The instructions and registers used here are specifically for 32-bit MIPS assembly, which is what we're using in class. The general concepts should be applicable to other CPU architectures, but not directly.
Execution Flow

Labels

A key part of controlling execution in assembly is labels, which allows you to specify points to jump to in your code using jump or branch instructions. A label can be declared like this:
label:
    inst $1, $2, $3

Note:
A useful trick for the Zylabs simulator is to jump to an empty label placed at the end of the program, which you can jump to at the end of your program to end the simulation.
For example:
main 
    # main code for your program     
    j exit # this will end your program

exit:
    # do not put anything after the label

Unconditional Jumps

MIPS has several instructions for jumping unconditionally:

j <address> or j <label> (which will be turned in to the other form by the compiler), which sets the program counter (which stores what the next instruction will be) to the specified address or label
jr <$register>, which sets the program counter to the value of the specified register. This is useful for returning from a procedure, using the $ra register.
jal <address/label> works similarly to j, but it stores the next instruction (pre-jump, so the instruction immediately after jal) in $ra, so that the section you jump to is able to return to the previous section of code using jr $ra. This is what allows for functions and procedures to be implemented.

Conditional Branching

MIPS only has two instructions for conditional branching:

beq <$left>, <$right>, <address/label> branches to <address/label> if <$left> is equal to <$right>.
bne <$left>, <$right>, <address/label> branches to <address/label> if <$left> is not equal to <$right>.
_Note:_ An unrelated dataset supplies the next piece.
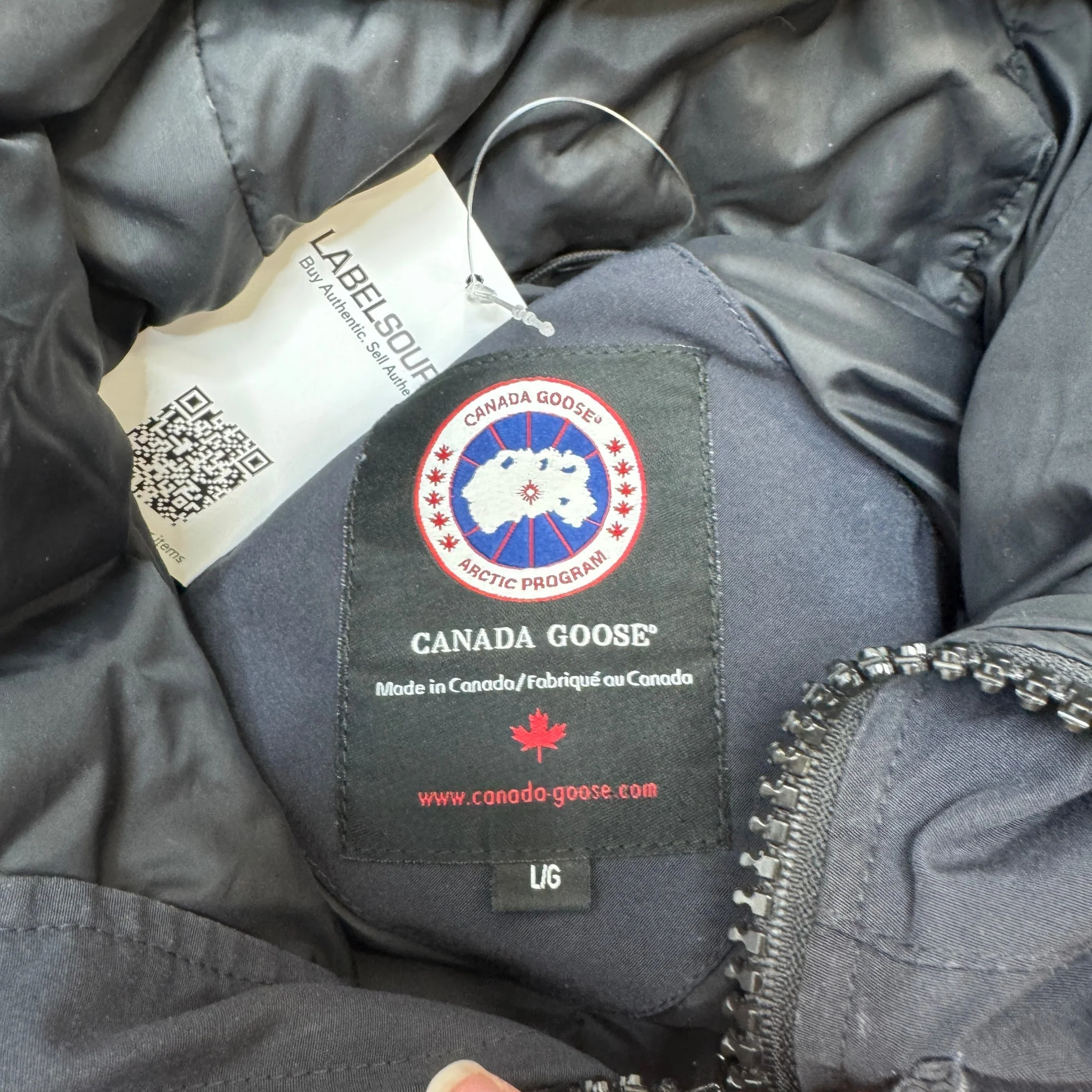 Men's Chateau Down Jacket Navy Size L - Image 8
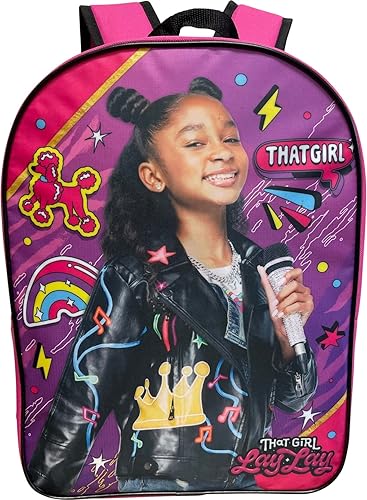 Ruz That Girl Lay Lay 15" School Backpack (Pink-Black)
Additionally, the Zylabs simulator supports the following pseudo-instructions that allow you to perform more advanced comparisons:

bge <$left>, <$right>, <address/label> branches to <address/label> if <$left> is greater than <$right>.
bgt <$left>, <$right>, <address/label> branches to <address/label> if <$left> is greater than or equal to <$right>.
ble <$left>, <$right>, <address/label> branches to <address/label> if <$left> is less than <$right>.
blt <$left>, <$right>, <address/label> branches to <address/label> if <$left> is less than or equal to <$right>.
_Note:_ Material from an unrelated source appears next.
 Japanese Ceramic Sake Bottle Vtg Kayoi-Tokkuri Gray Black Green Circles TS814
Subroutines (Procedures & Functions)

Subroutines are reusable sections of code used to implement procedures and functions. Unlike a simple label (which we jump to with j), subroutines are expected to return the program to the pre-jump state after execution. MIPS has several features designed to allow for easy development using subroutines:

jal (jump and link) and jr (jump register). Before jumping, jal stores the next instruction (if it hadn't jumped) in $ra (return address), so that you can return to the previous section of code by jumping to $ra (with the jr instruction).
Temporary registers ($t0 - $t9). Unlike Saved Temporaries ($s0 - $s7), there are no promises that temporary registers will persist between subroutine calls. Saved Temporaries are not supposed to be modified during a subroutine.
The argument ($a0 - $a3) and value ($v0 and $v1) registers, which are for storing arguments and the return values (if it has any) of the subroutine.
The frame pointer ($fp), which is used to store the start of the stack frame (the starting value of the stack pointer when the subroutine begins).
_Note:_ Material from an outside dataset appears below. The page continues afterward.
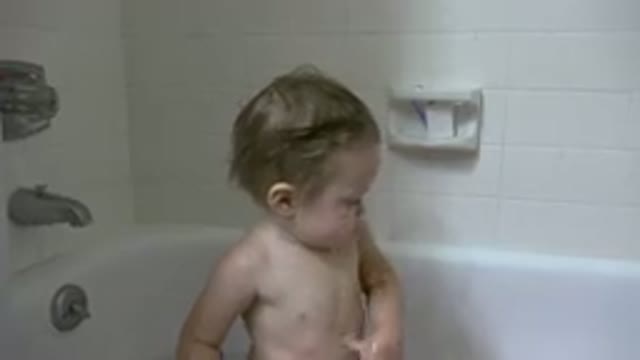 WESTMINSTER COLORADO-2015: Baby Boy Enjoying A Bath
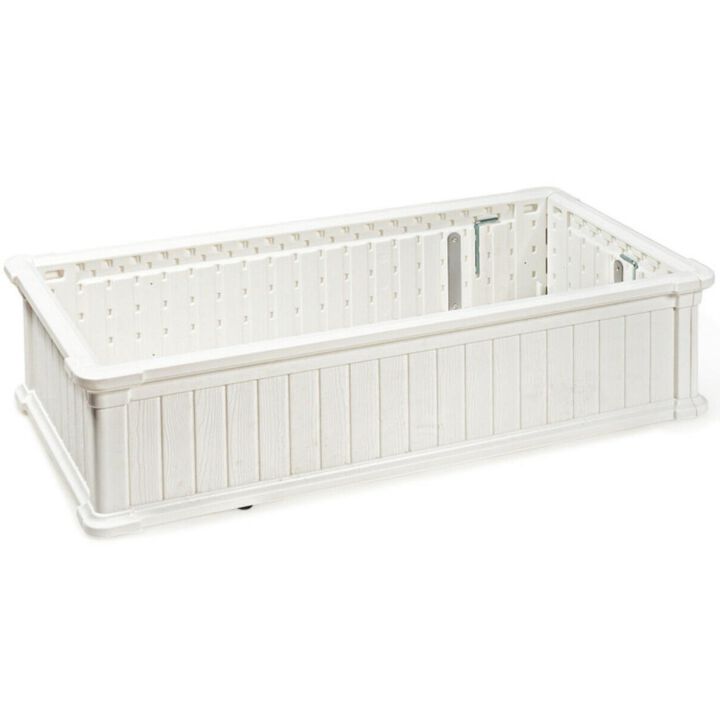 Hivvago 48 Inch x 24 Inch Raised Garden Bed Rectangle Plant Box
There are a great many best (or even mandatory) practices you should follow while writing subroutines. Here are the most important ones:

You should store $fp in another register and store the current value of $sp in $fp before using the stack in any capacity.
Do not modify Saved Temporaries ($s0 - $s7). Only modify temporary registers. If you need more room, use the stack.
When using the stack (which you will always be doing if you're writing your code correctly), you must ensure that the stack pointer is restored to value it held before your function began. The frame pointer is useful for this.
When calling another subroutine, all registers with any important data in them (data you will use again) must be stored in the stack. Otherwise, assume this data will be lost. This includes $ra, $fp, any argument and value registers, etc.

Using the above best practices and building blocks, you can build programs with hundreds of subroutines that never conflict with each other.
If you need an example, ping me in the CSE 230 server. A full example would be too long to include here.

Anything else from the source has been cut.